» How to complete this task:
Please print, exactly as written, the line containing "Натуральный турмалин, камень, 1 шт." and each line after it through the end of the material; pictures stay out.

» Task material:
-.-.-

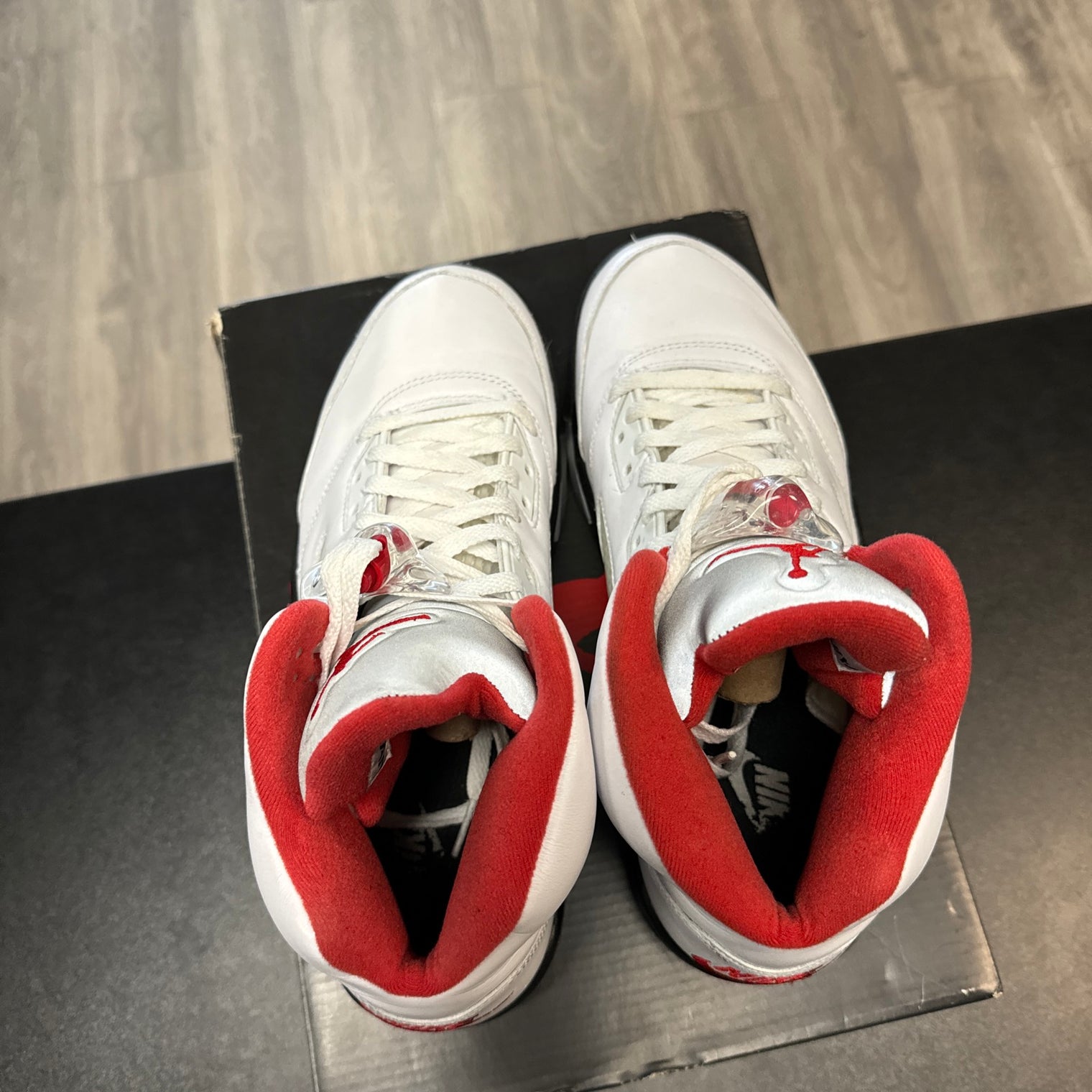 Fire Red Jordan 5 (USED)
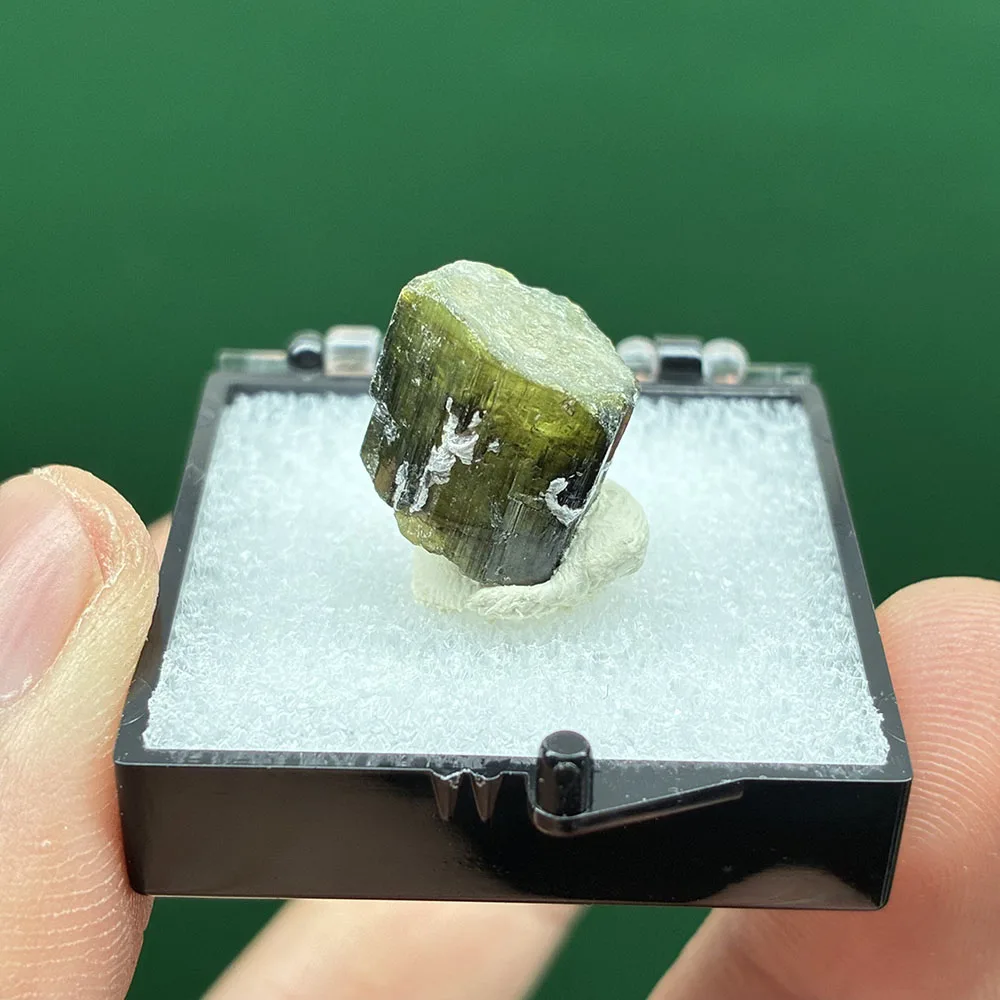 

Натуральный турмалин, камень, 1 шт.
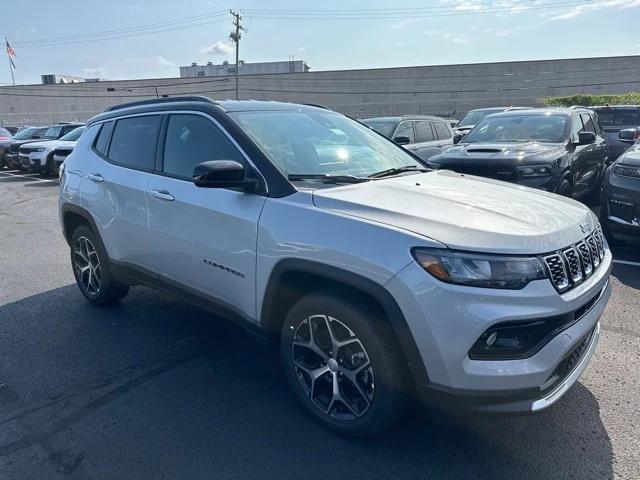 2024 Jeep Compass COMPASS LIMITED 4X4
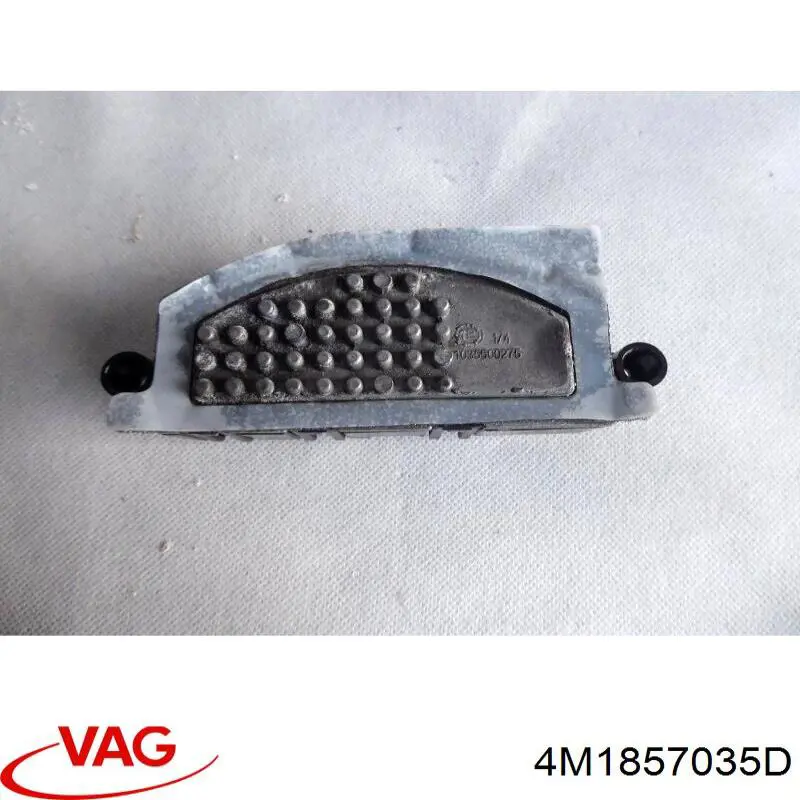Купити 4M1857035D VAG Ящик для рукавичок (бардачок)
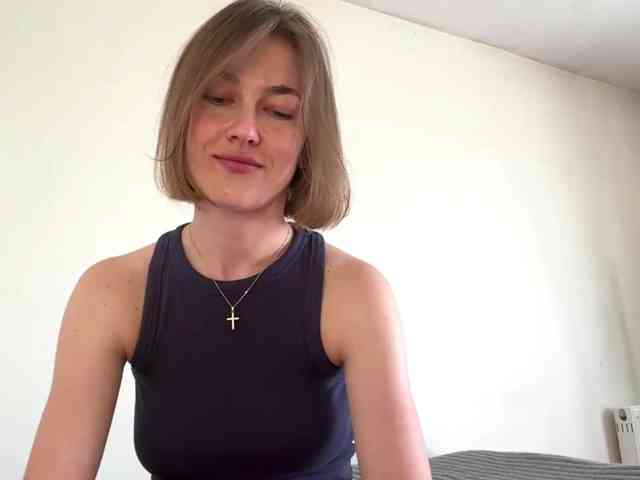 AnishaTrostle webcam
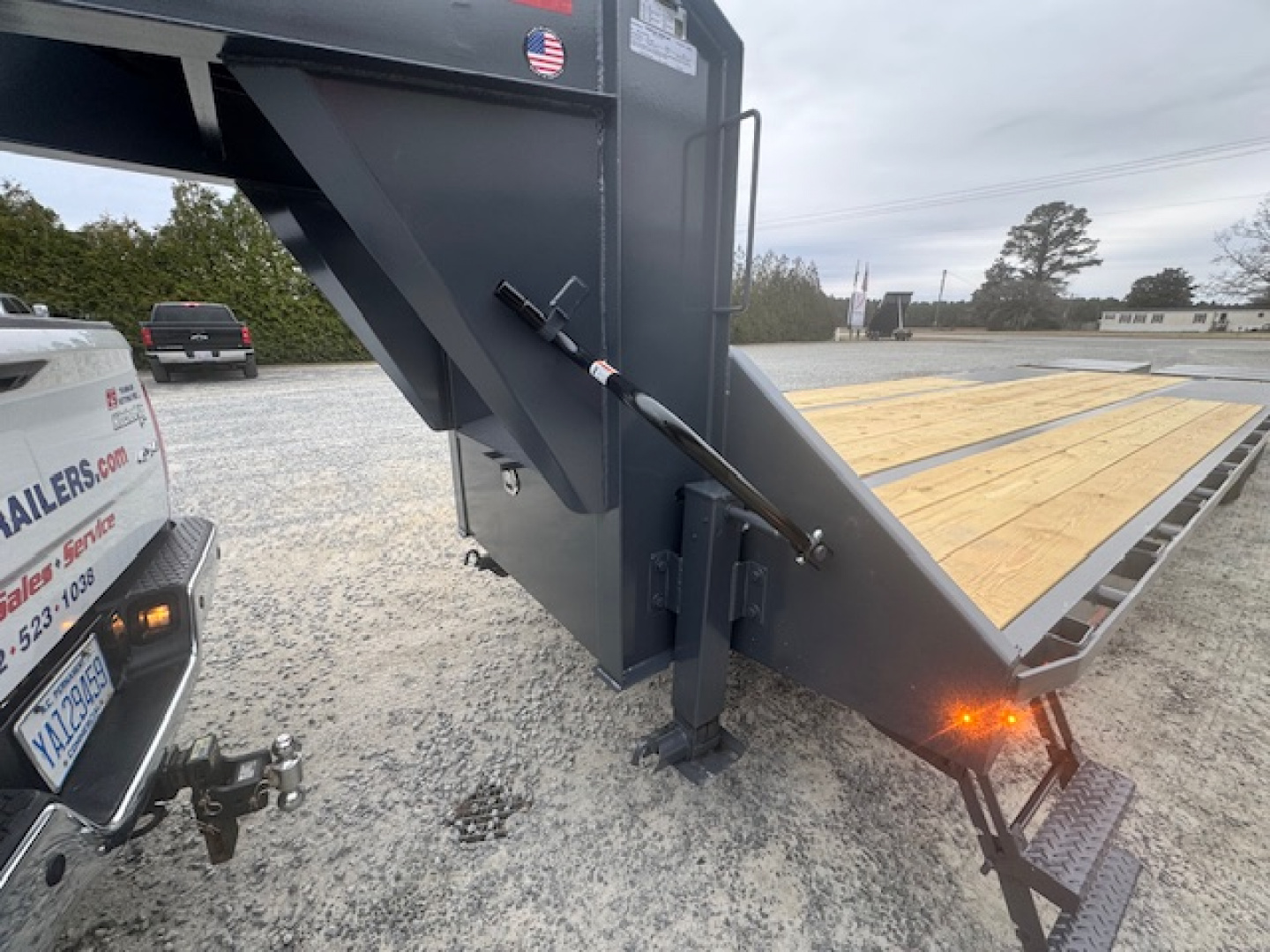 New 2026 Triple Crown Trailers TC GN22-30DT Equipment Trailer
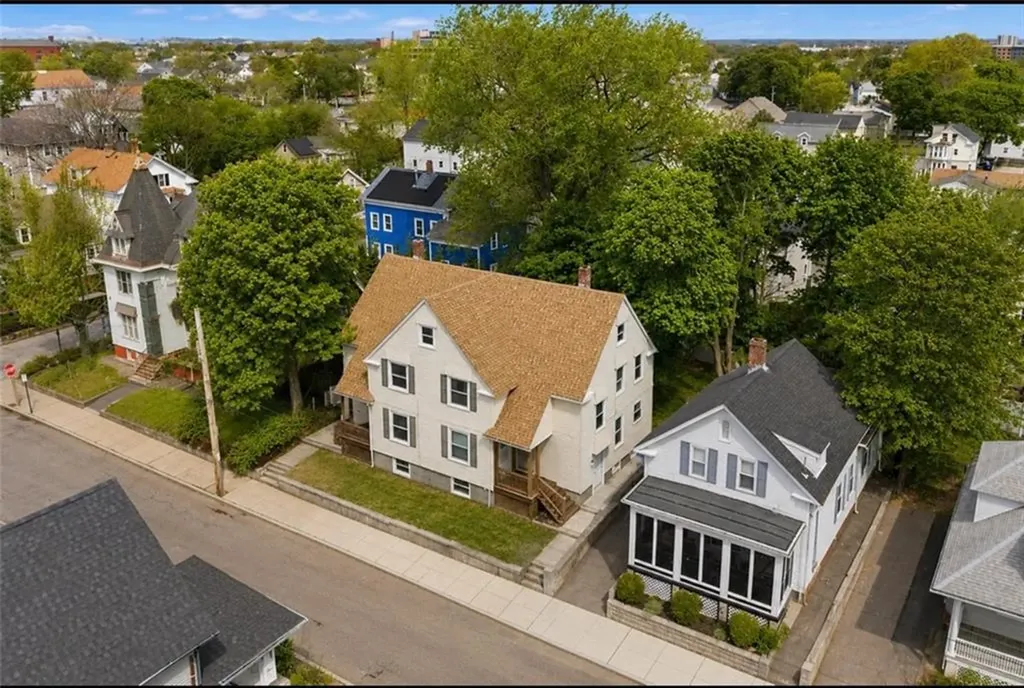 165 Briggs Street Providence RI 02905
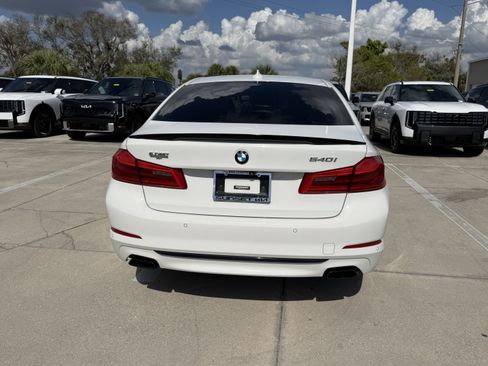 Used 2018 BMW 540i image 5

-.-.-

» Your solution:
Натуральный турмалин, камень, 1 шт.
 2024 Jeep Compass COMPASS LIMITED 4X4
Купити 4M1857035D VAG Ящик для рукавичок (бардачок)
 AnishaTrostle webcam
 New 2026 Triple Crown Trailers TC GN22-30DT Equipment Trailer
 165 Briggs Street Providence RI 02905
 Used 2018 BMW 540i image 5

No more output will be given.